Support posts 22 may extend between a first plane of the four springs 20 and a second plane of mirror plate 14. In other words, support posts 22 extend perpendicularly with respect to mirror side 16, from springs 20 to mirror plate 14.

In the micromechanical component in FIG. 1a, at a first spring end 20a each of the four springs 20 is connected to mounting 10, in particular to a frame part of mounting 10. One alternative to an individual connection of the four springs 20 to mounting 10 is described in greater detail below.

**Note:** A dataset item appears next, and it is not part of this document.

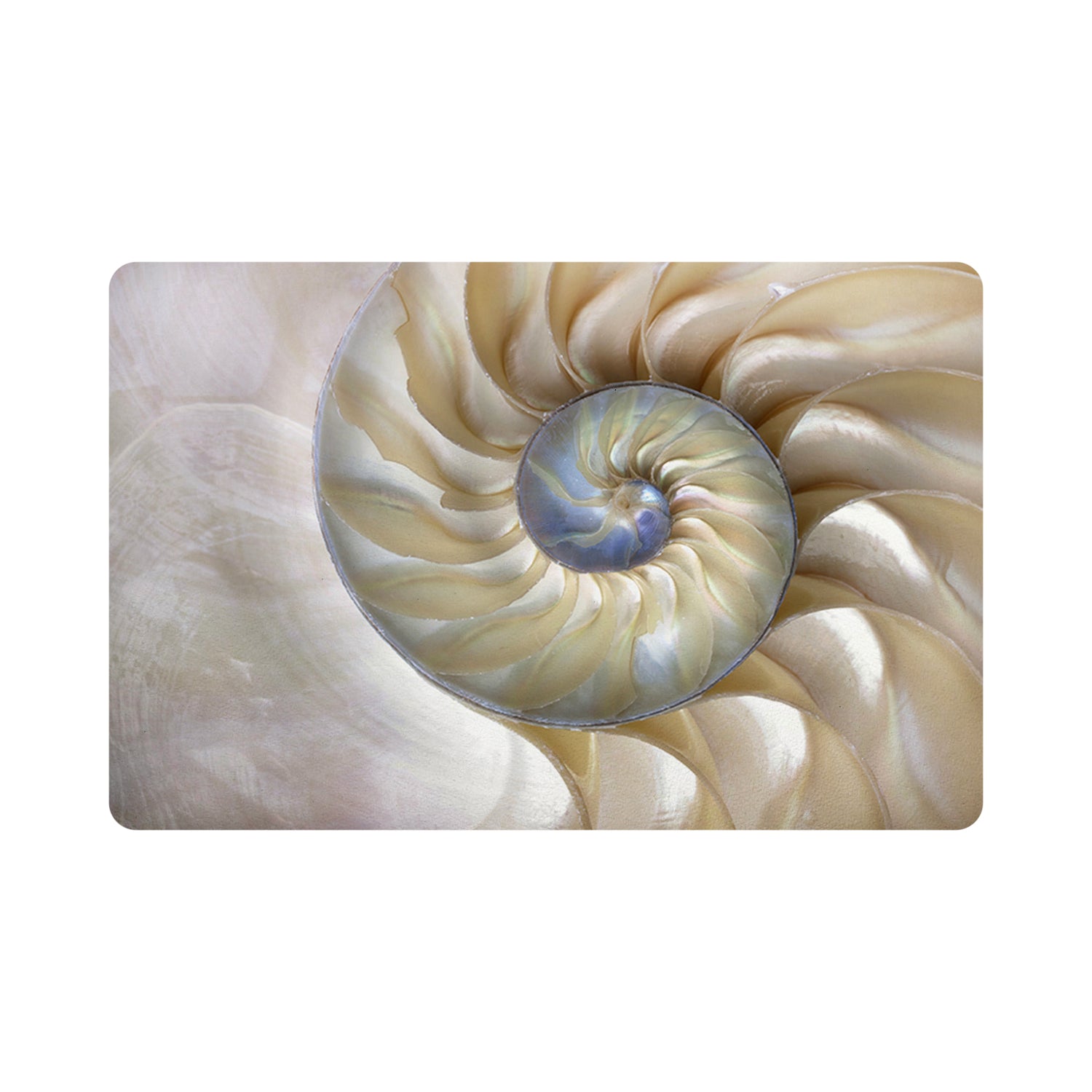 Nautilus Pearl Rectangle Pebble Placemat - nicolettemayer.com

One support post 22 is connected/formed on each second spring end 20b of the four springs 20.

In the specific embodiment in FIGS. 1a through 1e, the four springs 20 have a spiral-shaped configuration, at least in sections. This may be understood to mean that each of the four springs 20 has a rolled-up shape, so that a second spring end 20b is at least partially surrounded by a spring section of the same spring 20. Such a configuration of the four springs 20 is associated with the advantage that the springs may be comparatively long without an extension of the micromechanical component, and thus its space requirements, being (significantly) increased. Springs 20 may also have a comparatively stiff configuration without the mechanical stress, which occurs therein, assuming values which would result in a concern for damage/rupture of springs 20.

FIGS. 1 b and 1c show a computed dynamic mirror deformation (FEM simulation) which is caused by a high-frequency movement of mirror plate 14 (FIG. 1c shows an enlargement of FIG. 1b).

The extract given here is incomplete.